_Exercise goal:_ The result should be a full, exact repeat of the entries, free of pictures.

_Study material:_
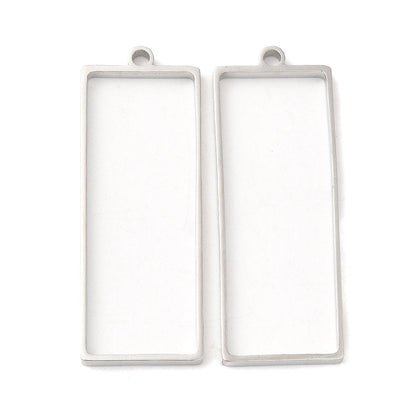 Open Back Rectangle Bezel Pendant 304SS Silver for Resin Jewelry 5pc | Alberta Bead Store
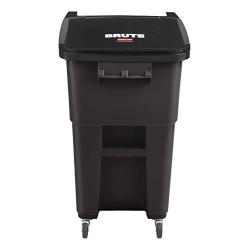 Rubbermaid Commercial Products BRUTE Rollout Trash/Garbage Can with Caster Wheels, 50-gallon, Brown (2018384)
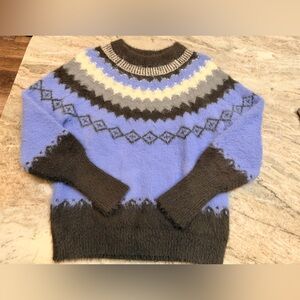 Love At First Find Fuzzy Eyelash Knit Sweater Small Blue Brown Colorblock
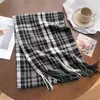 Cachecol Xadrez Imitação de Caxemira Nova Moda Outono e Inverno Versão Britânica Coreana Xale Quente Simples Versátil Cachecol com Franjas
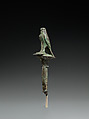 Horus falcon on papyrus stem, Cupreous metal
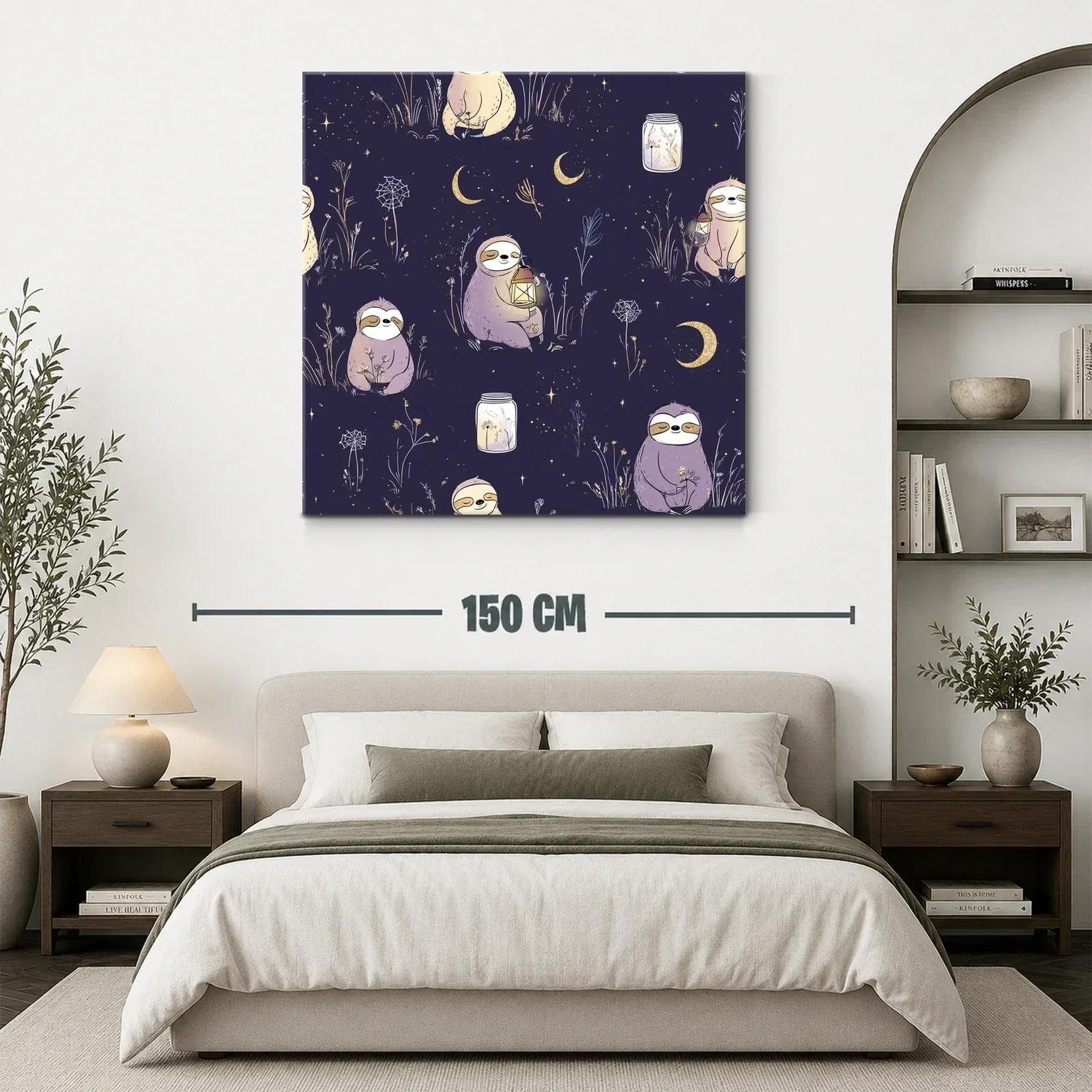 Cuadro infantil con perezosos y lunares dorados para habitación — miniatura 3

_Written solution:_
 Open Back Rectangle Bezel Pendant 304SS Silver for Resin Jewelry 5pc | Alberta Bead Store
 Rubbermaid Commercial Products BRUTE Rollout Trash/Garbage Can with Caster Wheels, 50-gallon, Brown (2018384)
 Love At First Find Fuzzy Eyelash Knit Sweater Small Blue Brown Colorblock
 Cachecol Xadrez Imitação de Caxemira Nova Moda Outono e Inverno Versão Britânica Coreana Xale Quente Simples Versátil Cachecol com Franjas
 Horus falcon on papyrus stem, Cupreous metal
 Cuadro infantil con perezosos y lunares dorados para habitación — miniatura 3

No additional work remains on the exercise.